- Country: Ivory Coast
- Governing body: Ivorian Football Federation
- National team: men's national team

National competitions
- Coupe de Côte d'Ivoire

Club competitions
- Ligue 1 (Ivory Coast)

International competitions
- Champions League CAF Confederation Cup Super Cup FIFA Club World Cup FIFA World Cup (National Team) African Cup of Nations (National Team)

= Football in Ivory Coast =

Football is the most popular sport in Ivory Coast. 50% of the Ivorian people consider themselves football fan. Algeria, Cameroon, Ghana, Morocco, Senegal and South Africa are the only African countries with an equal or higher percentage.

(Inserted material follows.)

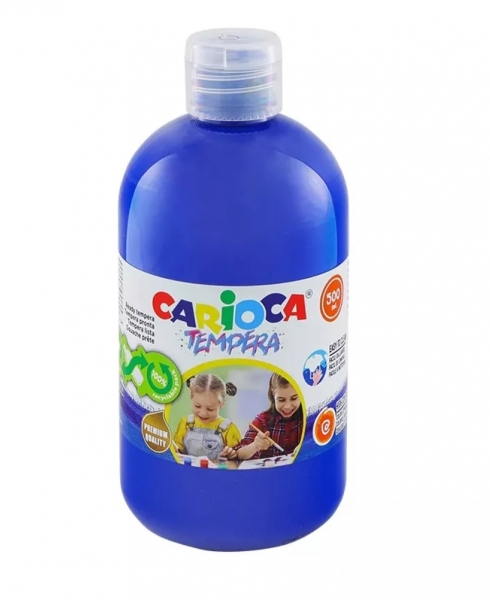 Carioca Botella de Tempera Colores Superlavables Azul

The national team won the Africa Cup of Nations in Senegal in 1992. In 2006 they participated in the 2006 World Cup in Germany. The youth national teams have also done well in world championships, and the clubs from Ivory Coast have won several continental titles. The Ivory Coast national team won a second African cup of nations in 2015.

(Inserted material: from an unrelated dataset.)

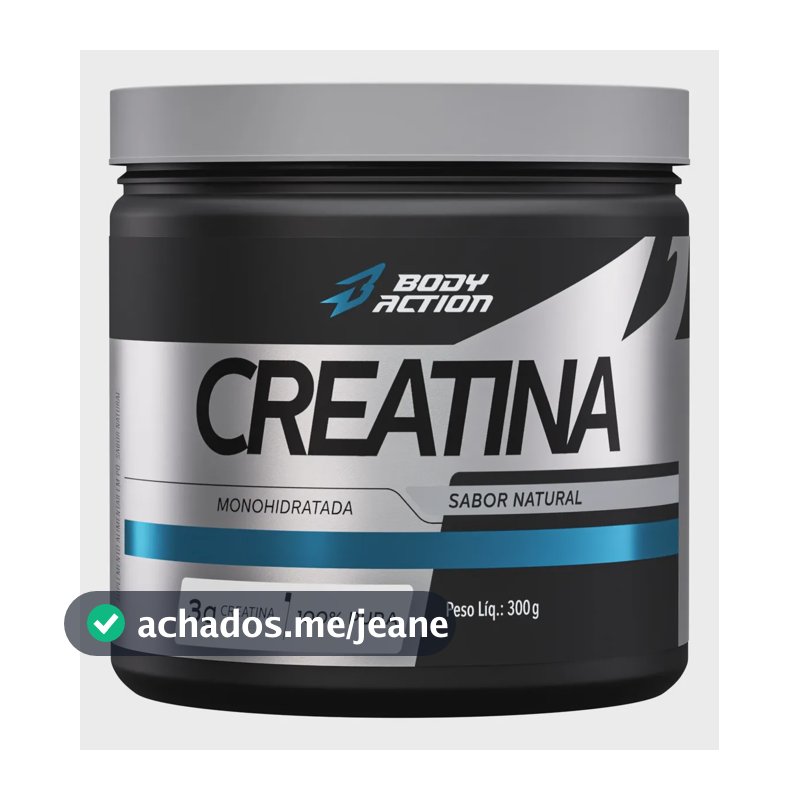Creatina Monohidratada 300g 100% Pura - Bodyaction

Famous players from the country include Kolo Touré, Didier Drogba, Wilfried Bony, Yaya Touré, Gervinho, Seydou Doumbia, and Salomon Kalou.

== National competitions ==

The national championship, organised by the Ivorian Football Federation and sponsored by the company Orange, features 16 clubs in Division 1, 36 in Division 2, 36 in Division 3.

Two national cups, the Coupe de Côte d'Ivoire and the Coupe Houphouët-Boigny, put these clubs to grips every year.

| Level | League(s)/Division(s) |  |  |  |  |  |  |  |
| 1 | Ligue 1 14 clubs |  |  |  |  |  |  |  |
| 2 | Ligue 2 Poule A 12 clubs |  | Ligue 2 Poule B 12 clubs |  |
| 3 | Championnat D3 Poule A 10 clubs | Championnat D3 Poule B 10 clubs | Championnat D3 Poule C 9 clubs | Championnat D3 Poule D 9 clubs |

== International Competitions ==

=== National Teams ===
In 1984 the Ivory Coast organized the African Cup of Nations with matches in Abidjan and Bouaké. To support the National team and because of the popularity of this sport in the country, the government decided to close the schools for the duration of the competition. Although the national team was eliminated in the first round of the event, no course took place for 2 weeks.

The national team won the African Cup of Nations in 1992 and was a finalist in the competition in 2006. In 2006, for the first time in its history, Ivory Coast qualified for the 2006 FIFA World Cup. In 2008, his Olympic team qualified for the 2008 Summer Olympics.

=== Clubs ===
- ASEC Mimosas is based in Abidjan and won the CAF Champions League in the 1998 edition. They also won the 1999 CAF Super Cup over Espérance sportive de Tunis
- Stade Abidjan is based in Abidjan and was the first Ivory Coast club to win a continental competition when they won the 1966 African Cup of Champions Clubs.
- Africa Sports d'Abidjan is based in Abidjan and won the 1992 and 1999 editions of the African Cup Winners' Cup.
- Stella Club d'Adjamé is based in Abidjan the CAF Super Cup in 1993.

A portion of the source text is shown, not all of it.